Wednesday 21 August 2013

Vivienne - a second view

Clare McCaldin in Stephen McNeff and Andy Rashleigh's Vivienne
Stephen McNeff and Andy Rashleigh's Vivienne was reviewed in a guest posting on this blog when Hilary Glover went to see Clare McCaldin's performance at Tete a Tete: The Opera Festival. I was keen to see the work for myself, so went along to The Forge in Camden on Tuesday 20 August. To catch Joe Austin's production with Clare McCaldin and Libby Burgess at the piano.

The 40 minute work is one single extended operatic monologue, a tour de force from performer, Clare McCaldin, and composer alike. I had never visited The Forge before, and Vivienne suited the venue's relatively intimate space.  The work deals with Vivienne Haigh-Wood and her disastrous marriage to the poet T. S. Eliot and her eventual confinement in a mental institution, ignored and unvisited by Eliot.

Austin's production, designed by Simon Kenny, took place in a simple white space with two white chairs.
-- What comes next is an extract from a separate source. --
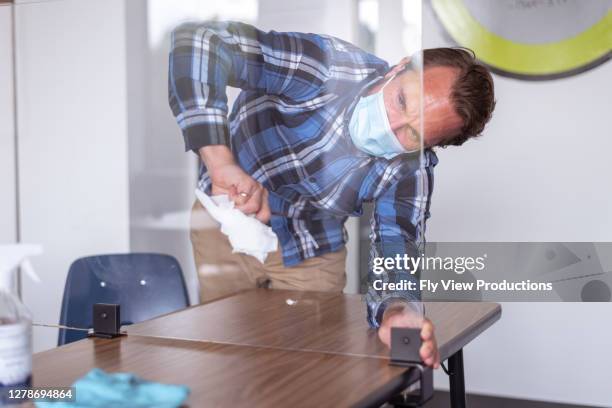 male teacher wearing cloth face mask cleaning classroom - acrylic glass stock pictures, royalty-free photos & images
McCaldin, as,Vivienne, entered wearing just a white shift. Set in the context of Vivienne's incarceration in a mental institution, the work looked back at her relationship with Eliot, whilst conveying the feeling that in the constant present she was eternally waiting for him.
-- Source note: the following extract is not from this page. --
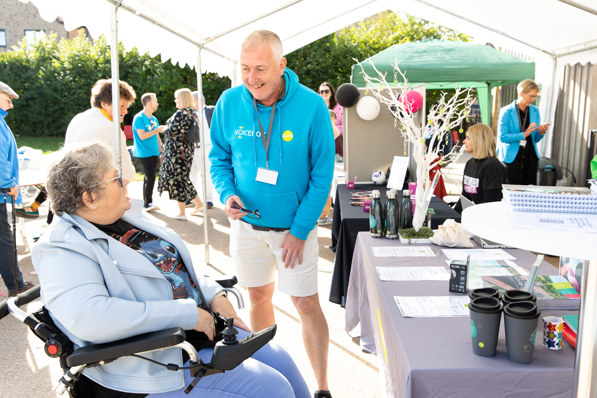 A person in a wheelchair speaks with a Curo employee wearing a turquoise hoodie and lanyard beside a table displaying event materials. The scene is set under a marquee at an outdoor community event, with additional attendees, decorations and display stands visible in the background.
McNeff and Rashleigh do this in a series of set piece flashbacks, which McNeff based on the popular music of the day (both Eliot and Vivienne loved the music hall). So we opened with McCaldin putting on a fur coat amidst musical reminiscences of a dance number. Later there was a delightful number about Bertram Russell, with whom Vivienne had an affair, in which McCaldin combined a nice line in comic music hall number with the essential pathos of the situation; when Vivienne needed Russell most he was never there.

Talking to McCaldin afterwards she explained how she wanted to bring out Vivienne's charm and only gradually did her more manic characteristics become apparent.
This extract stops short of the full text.